### SUPPLIED MATERIAL:

Start of Block

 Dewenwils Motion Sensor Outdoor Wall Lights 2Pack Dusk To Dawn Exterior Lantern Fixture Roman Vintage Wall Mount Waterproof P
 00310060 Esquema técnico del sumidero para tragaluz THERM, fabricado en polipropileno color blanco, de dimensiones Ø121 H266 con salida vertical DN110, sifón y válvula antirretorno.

End of Block
Start of Block

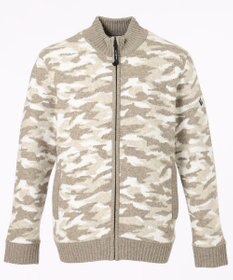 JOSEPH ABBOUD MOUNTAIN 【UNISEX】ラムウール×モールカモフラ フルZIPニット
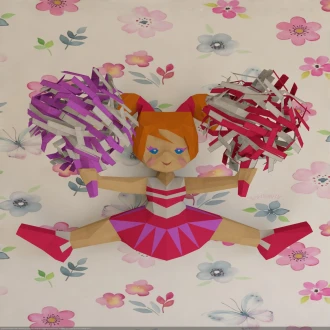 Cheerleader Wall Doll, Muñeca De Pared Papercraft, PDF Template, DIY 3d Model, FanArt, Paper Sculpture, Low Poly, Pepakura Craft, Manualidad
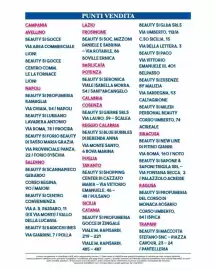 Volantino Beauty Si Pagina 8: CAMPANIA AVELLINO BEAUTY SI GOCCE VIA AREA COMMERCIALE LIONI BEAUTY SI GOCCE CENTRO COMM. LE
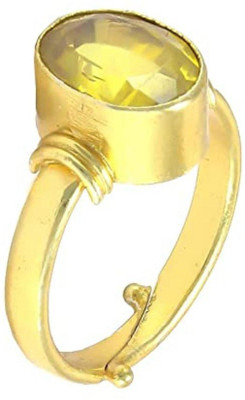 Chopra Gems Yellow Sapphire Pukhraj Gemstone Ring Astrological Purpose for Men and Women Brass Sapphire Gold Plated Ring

End of Block
Start of Block

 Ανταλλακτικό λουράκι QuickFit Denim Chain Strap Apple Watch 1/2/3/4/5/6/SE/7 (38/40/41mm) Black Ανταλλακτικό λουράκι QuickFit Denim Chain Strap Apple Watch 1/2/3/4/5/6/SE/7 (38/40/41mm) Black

End of Block

### PROBLEM DESCRIPTION:
Look through the data above and return exactly the lines from the one that contains "Dewenwils Motion Sensor" to the one that contains "00310060 Esquema técnico", inclusive, with nothing else.

### SOLUTION TO THE PROBLEM:
 Dewenwils Motion Sensor Outdoor Wall Lights 2Pack Dusk To Dawn Exterior Lantern Fixture Roman Vintage Wall Mount Waterproof P
 00310060 Esquema técnico del sumidero para tragaluz THERM, fabricado en polipropileno color blanco, de dimensiones Ø121 H266 con salida vertical DN110, sifón y válvula antirretorno.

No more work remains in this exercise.